### Exercise brief:
Once you find the line with "SHEIN 1Pc 64*42cm" in the listing below, please repeat it and every later line exactly, through the last one, without pictures.

======

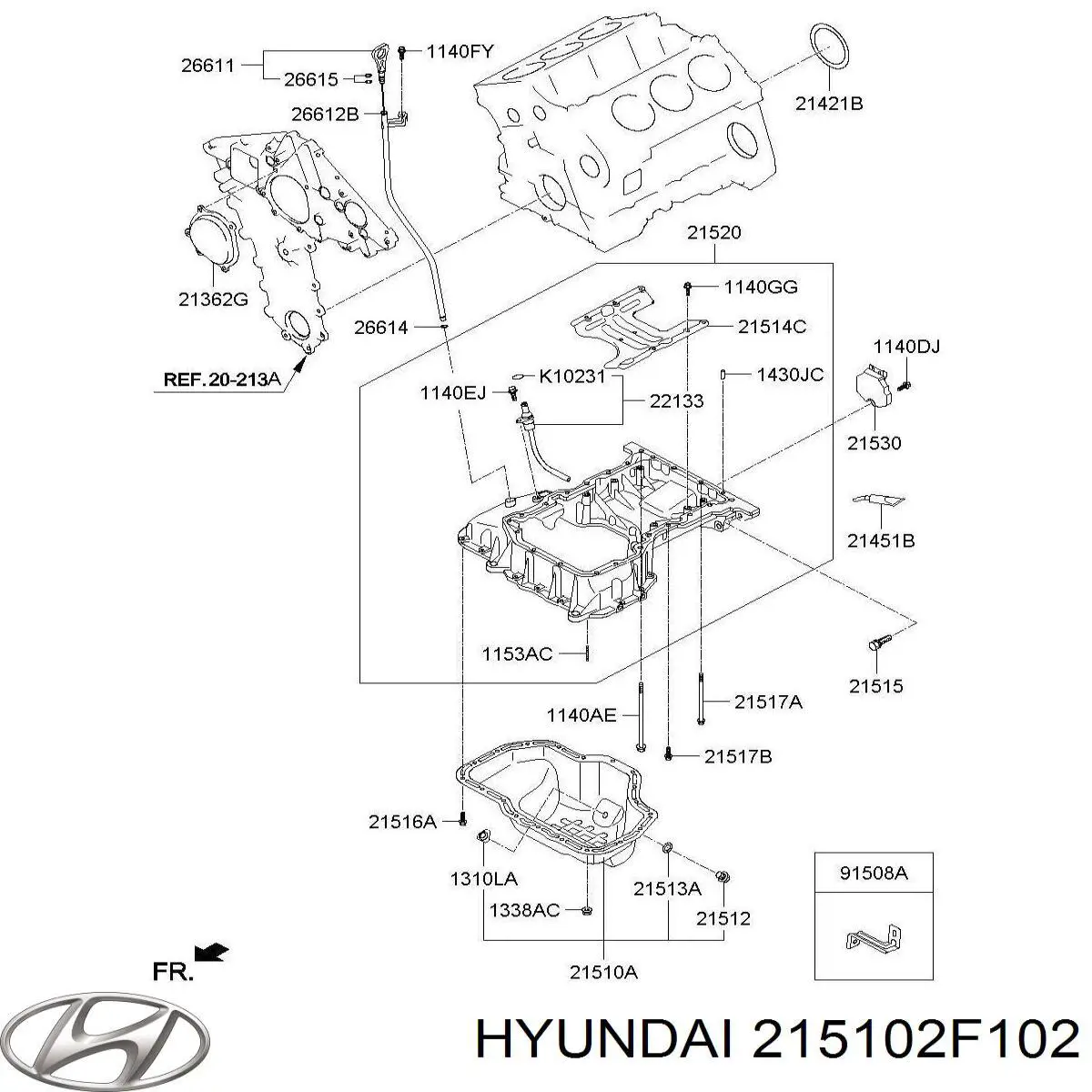 215102F102 Hyundai/Kia Поддон маслянный картера двигателя, верхняя часть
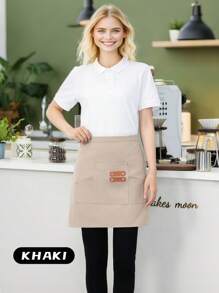 SHEIN 1Pc 64*42cm Tạp dề nhà hàng eo ngắn Unisex, Thích hợp cho nhân viên phục vụ, nhà bếp, phòng tắm, nhà ở, nhà hàng, đồ gia dụng, 4 màu có sẵn: Đen, Kaki, Nâu nhạt, Nâu đậm - Nhiều màu - Xem 7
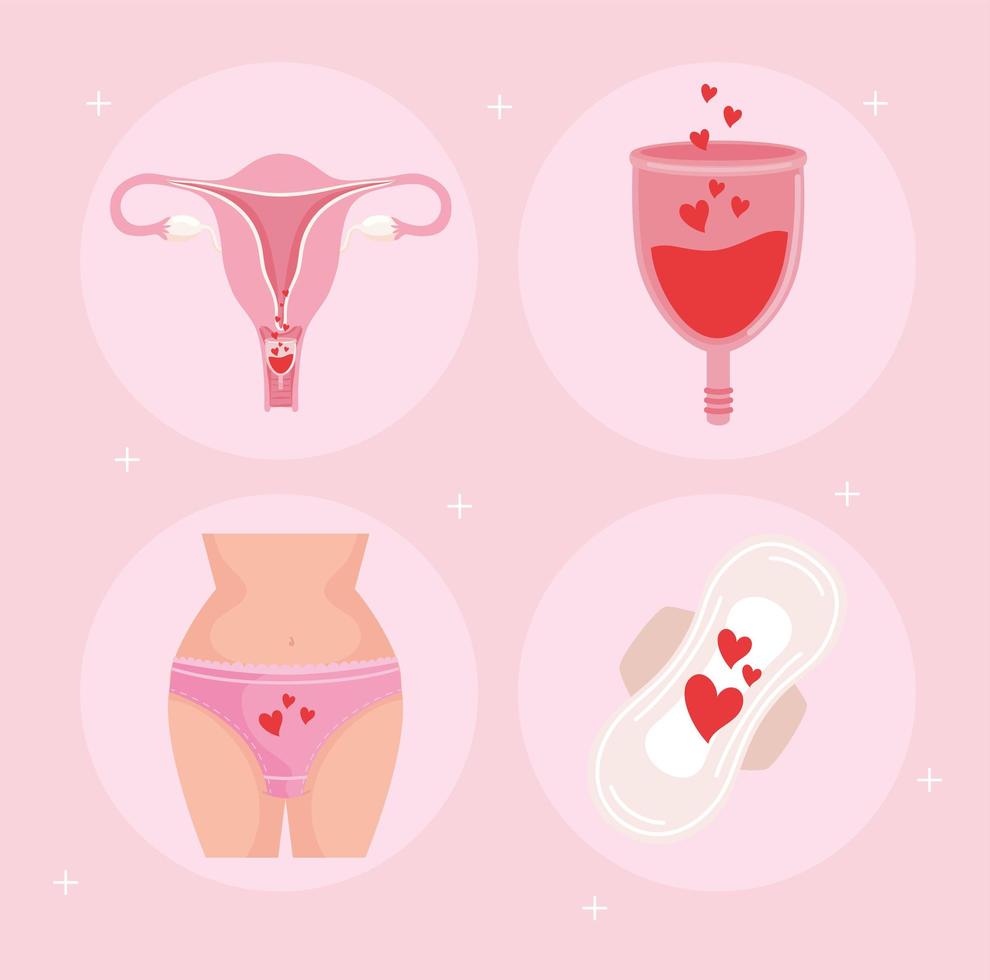 icons hygiene menstrual vector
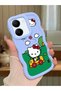 Simple Blue Silicone Phone Case Hello Kitty Pattern Compatible with Vivo Y27 Shockproof - 2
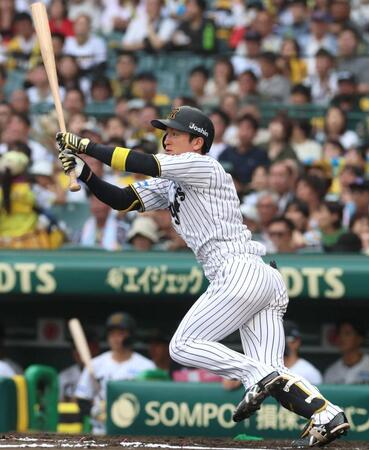 　６回、中前打を放つ近本（撮影・北村雅宏）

======

### Worked solution:
 SHEIN 1Pc 64*42cm Tạp dề nhà hàng eo ngắn Unisex, Thích hợp cho nhân viên phục vụ, nhà bếp, phòng tắm, nhà ở, nhà hàng, đồ gia dụng, 4 màu có sẵn: Đen, Kaki, Nâu nhạt, Nâu đậm - Nhiều màu - Xem 7
 icons hygiene menstrual vector
 Simple Blue Silicone Phone Case Hello Kitty Pattern Compatible with Vivo Y27 Shockproof - 2
 　６回、中前打を放つ近本（撮影・北村雅宏）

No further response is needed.